Work request = Go to the line that contains "مختار+ screenshot" in the listing below, then output it and every line after it exactly, omitting pictures.

Provided material =
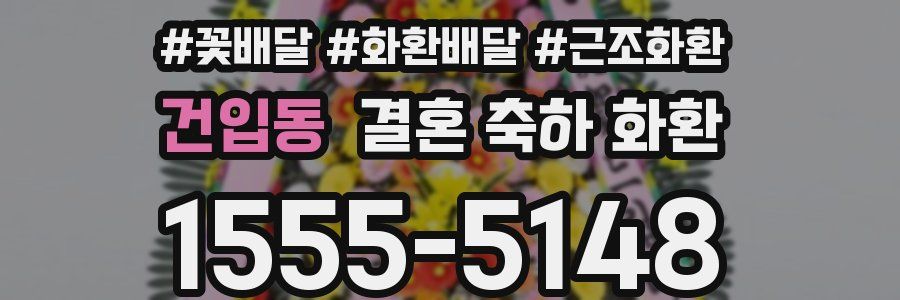 건입동 결혼 축하 화환
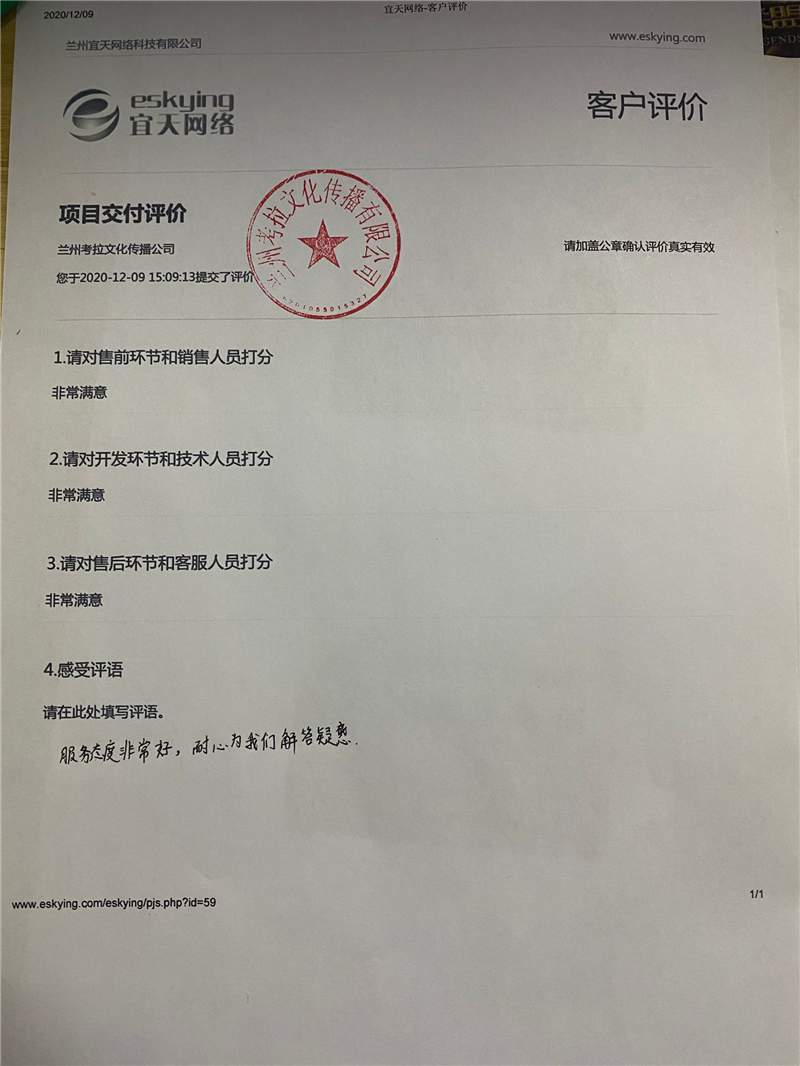 &#20048;&#40060;&#23448;&#26041;&#31471;&#32593;&#31449;&#30331;&#24405;&#20837;&#21475;&#45;&#20048;&#40060;&#108;&#101;&#121;&#117;&#40;&#20013;&#22269;&#41;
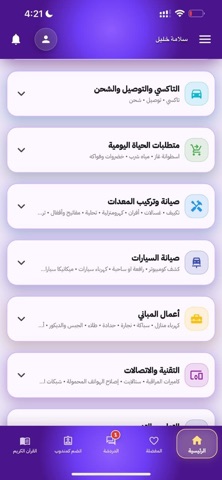 مختار+ screenshot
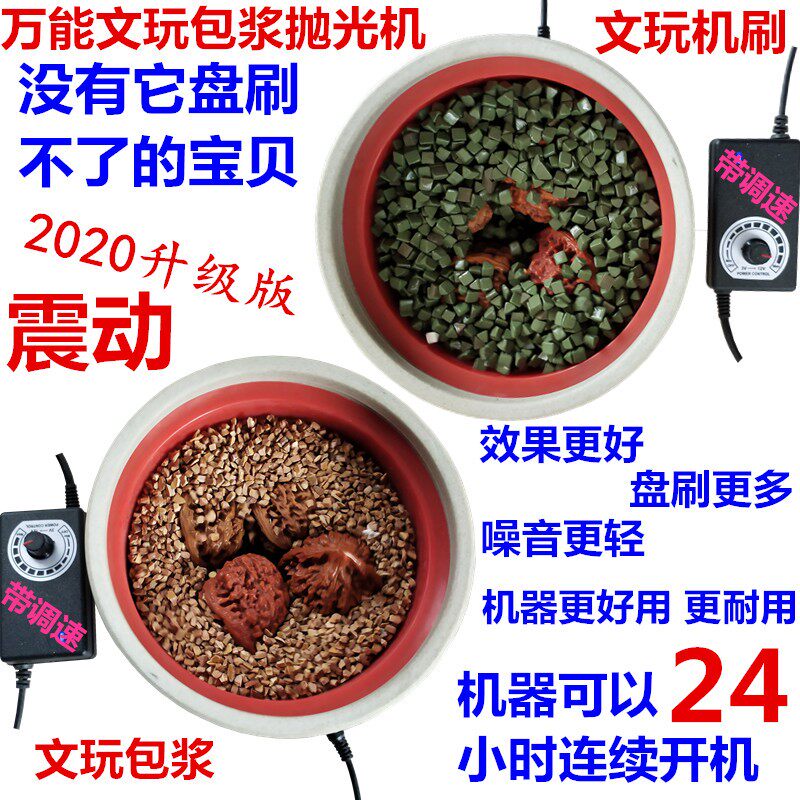 盘串神器文玩电动刷金刚菩提盘玩刷子核桃机器全自动刷盘珠包浆机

Result of the exercise =
 مختار+ screenshot
 盘串神器文玩电动刷金刚菩提盘玩刷子核桃机器全自动刷盘珠包浆机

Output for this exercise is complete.